Morrie is down town doing business as a fishmonger. One of the vendors takes down the old prime minister's picture and replaces it with a picture of Prime Minister Winston Churchill.

Dora and Alexander finish making love and talk about Morrie and other things.

A young boy saw Alexander go in to visit with Dora and now he tells Morrie about it. Morrie runs home but finds only Dora there. She scoffs at Morrie and asks doesn't he know that she's his sister?

Morrie asks Dora what would she say if he could fix her up with a man who is really decent? Dora says the only thing she got from Morrie that was decent was a piece of salmon after the funeral for their mother.

Alexander goes to see Oscar Orloff, Musical Appointments, Thursday to Sunday.
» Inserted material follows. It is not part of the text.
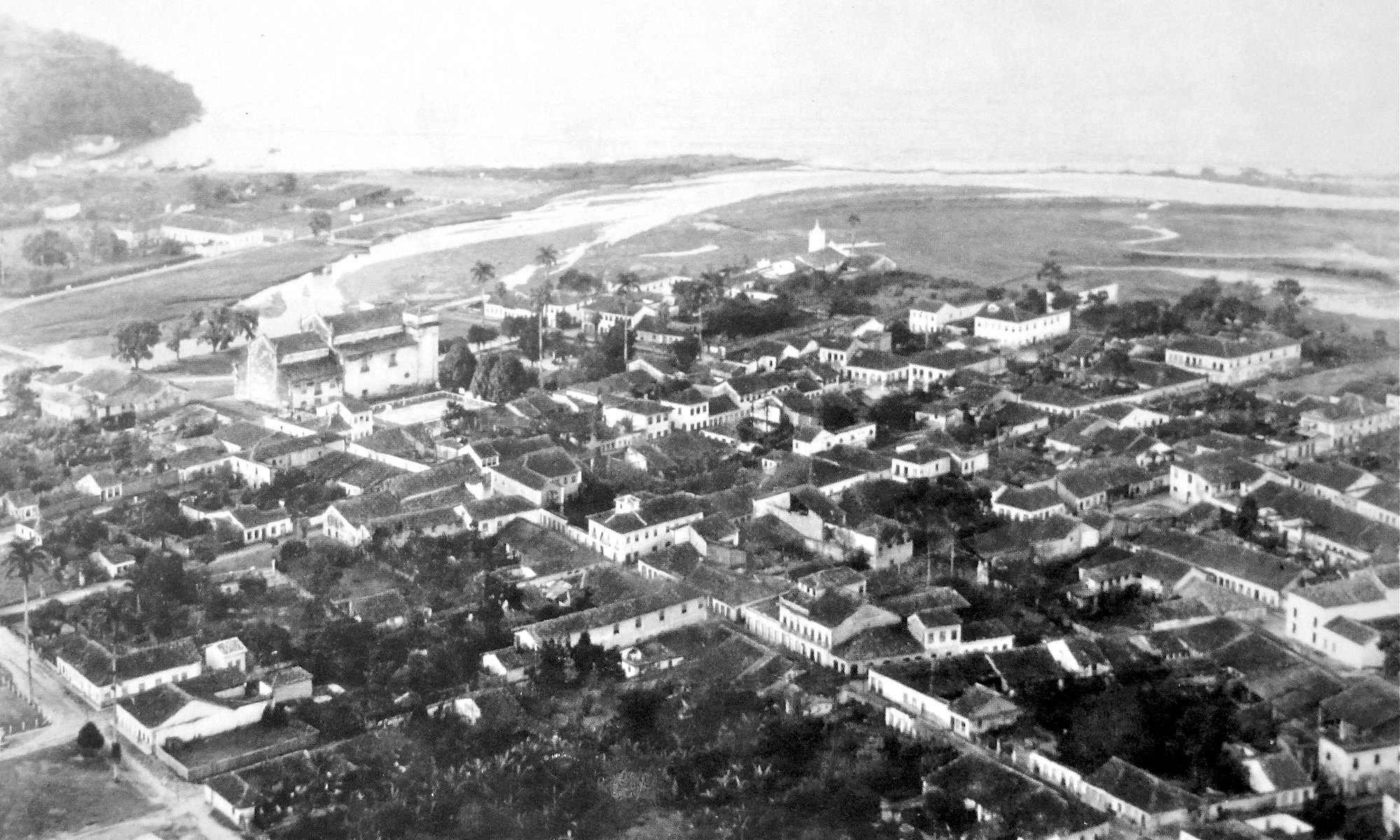 Early twentieth-century aerial photograph of Paraty and its harbor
Oscar has a job for Alexander at the concert in aide of refugees from Nazi persecution. It will be the first of a series of such concerts.

Alexander says he won't be able to see Dora as much for the following couple of weeks because he is doing a concert tour. She asks Alexander to get a ticket to his concert for her. They kiss goodbye at the door.

Morrie brings some flowers home to Dora but when he sees something that lets him know that Alexander was in the apartment, he starts smashing the flowers on the table and walks out.

At the cafe a man, named Tropp, comes in and sits down in the front. Alexander stops playing the violin and sits somewhat near him. He tells the man that he saw a photograph of him with the Nazi Minister of Propaganda Josef Goebbels. The man says yes, at the Olympic Games. Alexander asks if Goebbels is a friend of his? He says no, they just took a picture of him near Goebbels. The British police come to pick up the young German.

Now the police come for Alexander. They take him away. Then the police come for Morrie. Morrie is shocked. The police apparently have been picking up Jews in London.

In a paddy wagon filled with Jews Morrie asks the policeman who are all these people? German spies, says the policeman. Morrie tells the policeman that he's not one of them. He's not a spy. He's English.

The Jews are now on a ship headed for Australia. The ship's name is the Dunera. Prisoners in groups come up on deck for some organized walking. Things are going smoothly until an officer comes out and starts telling off the various Jewish "spies" walking around on deck.

The young German from Alexander's cafe is one of the crew on the ship. His duty is to keep the bathroom line going quickly. Morrie and Alexander are there together on the ship.

The Jews hold their religious services. One of the men trying to sleep tells the Jews to be quiet.

A group of non-observing Jews come to the rabbi and ask him if he would go speak to the captain and the others. Maybe they don't really know who the Jews are. The rabbi can set them straight on their misunderstandings of the Jews. The rabbi is not interested. He says he doesn't even want to look at these people.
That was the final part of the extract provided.